In this way, the record isn’t beholden to the traditional notion of theme; rather, Frost summons a watery character that transforms gradually over the course of its 50 minutes. “So much of this music is infested with a constant state of movement and flux,” he told me via phone last week. “Even when it feels sustained on a macro level, when you dive in and get closer, there’s a fluidity there.”
Like a river, the album is both flowing and unwieldy. At times it meanders quietly through its spillways, but at others it violently gouges trenches and coulees while subsuming the land. And as it accumulates sediment—as the synthetic electricity of album opener “Threshold of Faith” gains depth and brio toward a gloomy exit in “Entropy in Blue”—The Centre Cannot Hold slowly becomes something else entirely.

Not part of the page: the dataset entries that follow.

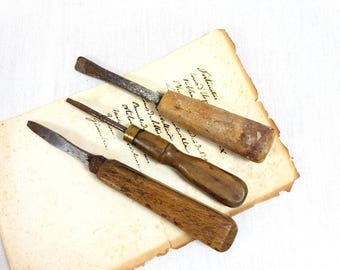 Lot of 3 Antique flathead Screwdrivers, Antique wooden french Tools, Screwdrivers, Builder mencave, Carpenter, Old Wood Tools, DIY Supplies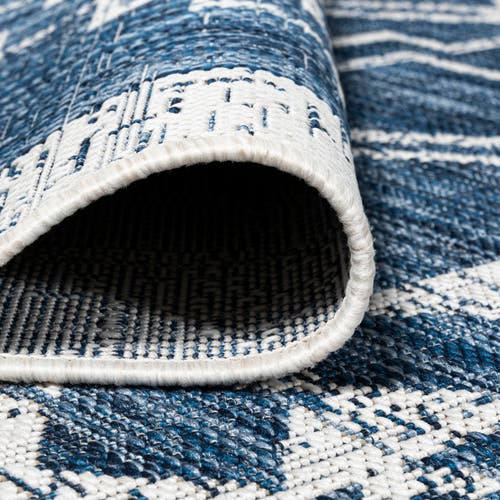 Jonathan Y Marokko Diamond Medallion Indoor/outdoor Area Rug In Blue/ivory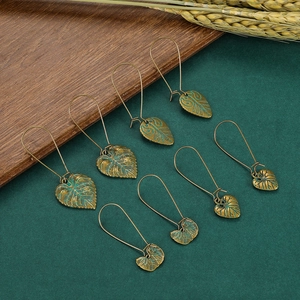 Boucles d'oreilles feuilles en bronze vintage avec finition rustique texturée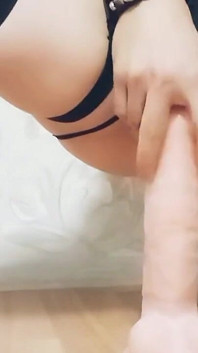 카메라 앞에서 딜도를 타는 트랩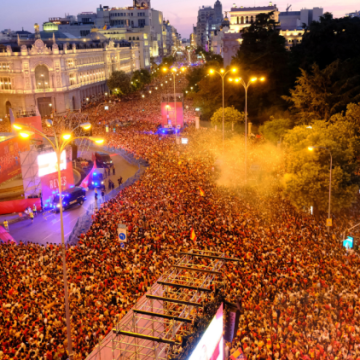 72c7f322-c2c2-4271-8e76-9635a08d7197 Accueil triomphal à Madrid pour les champions du monde espagnols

Frost’s career has flowed through genre and medium in ways that feel natural in spite of their divergence. In 2006, three years after releasing the cinematic, treated guitar record, Steel Wound, he launched the renowned Icelandic label/collective Bedroom Community with composers Nico Muhly and Valgeir Sigurðsson. His 2009 LP By The Throat earned him a year-long mentorship with Brian Eno. And in addition to collaborating numerous times with the aforementioned Mosse and Tweeten, Frost has also written and directed an opera (The Wasp Factory, released last year in album form), he’s worked with Colin Stetson, Tim Hecker, and Swans, and he’s been commissioned by famed choreographer Wayne McGregor.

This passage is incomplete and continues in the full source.